Date of Report (Date of earliest event reported)   DECEMBER 10, 2004

                                  PULITZER INC.
             (Exact name of registrant as specified in its charter)

           DELAWARE                    1-9329              43-1819711
  (State or other jurisdiction      (Commission           (IRS Employer
       of incorporation)            File Number)        Identification No.)


    900 NORTH TUCKER BOULEVARD, ST. LOUIS, MISSOURI             63101
        (Address of principal executive offices)              (Zip Code)
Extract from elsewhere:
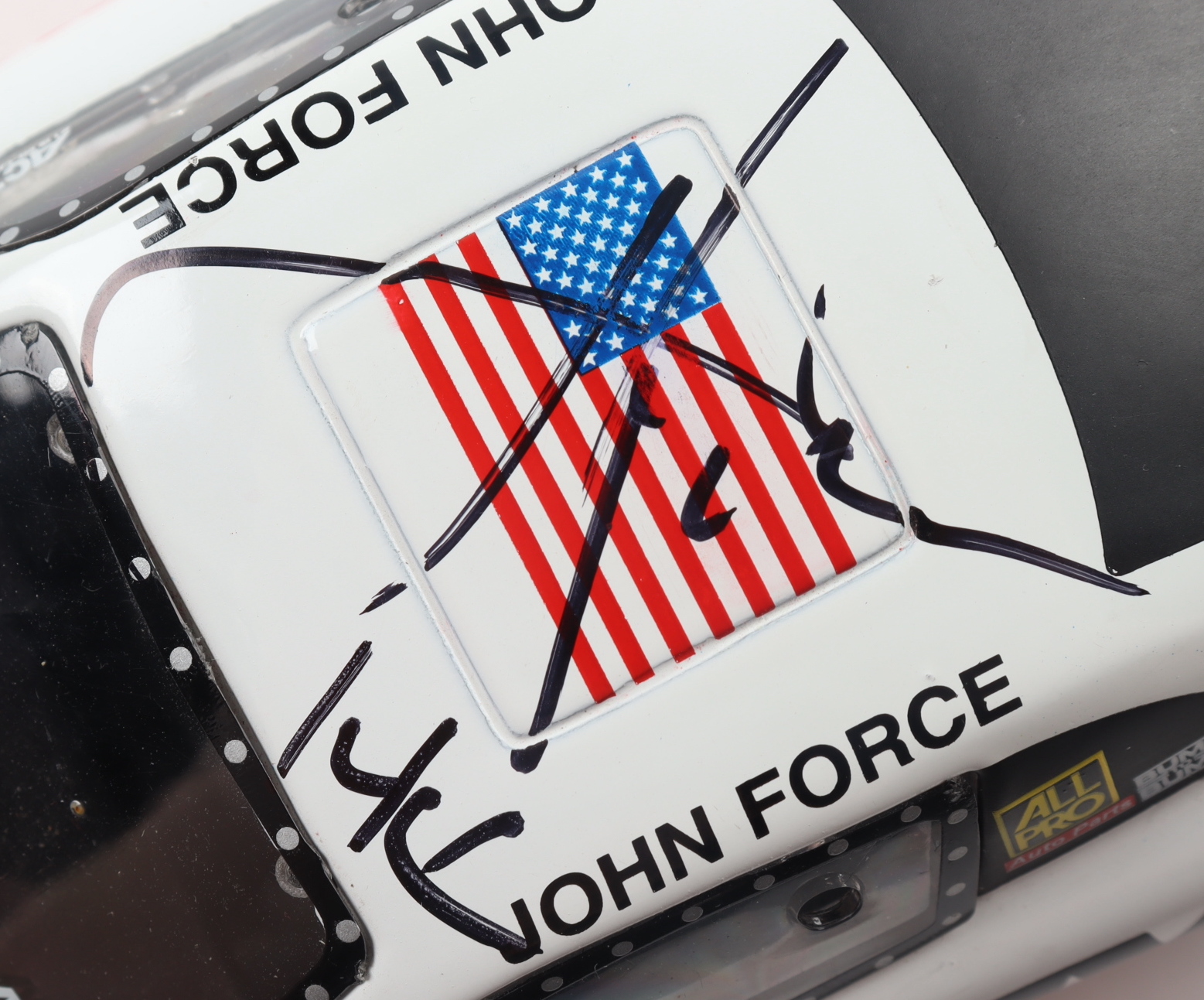 John Force Signed LE Castrol GTX 1998 Mustang Funny Car 1:24 Action Die Cast Car (Beckett COA) (See Description) at PristineAuction.com John Force Signed LE Castrol GTX 1998 Mustang Funny Car 1:24 Action Die Cast Car (Beckett COA) (See Description) at PristineAuction.com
Registrant's telephone number, including area code:  (314) 340-8000



         (Former name or former address, if changed since last report.)


Check the appropriate box below if the Form 8-K filing is intended to
simultaneously satisfy the filing obligation of the registrant under any of the
following provisions (see General Instruction A.2. below):

[ ] Written communications pursuant to Rule 425 under the Securities Act (17 CFR
230.425)

[ ] Soliciting material pursuant to Rule 14a-12 under the Exchange Act (17 CFR
240.14a-12)

[ ] Pre-commencement communications pursuant to Rule 14d-2(b) under the Exchange
Act (17 CFR 240.14d-2(b))

[ ] Pre-commencement communications pursuant to Rule 13e-4(c) under the Exchange
Act (17 CFR 240.13e-4(c))





ITEM 1.01  ENTRY INTO A MATERIAL DEFINITIVE AGREEMENT

On December 10, 2004, Pulitzer Inc. (the "Company") entered into a letter
agreement with Mark G. Contreras, Senior Vice President, relating to certain
aspects of the termination of his employment with the Company and its affiliates
(including their successors and assigns). The agreement recognizes that Mr.
Contreras' employment and all officer and director positions with the Company
will terminate on January 3, 2005. The agreement contains restrictions on Mr.
Contreras' use or disclosure of confidential information and on the hiring,
prior to October 1, 2005, of any employee of the Company. Under the agreement,
Mr. Contreras will receive a cash payment of $300,000 payable in two
installments: one promptly after January 3, 2005 and one promptly after
October 1, 2005.







                                   SIGNATURES

     Pursuant to the requirements of the Securities Exchange Act of 1934, the
registrant has duly caused this report to be signed on its behalf by the
undersigned hereunto duly authorized.

                                                  PULITZER INC.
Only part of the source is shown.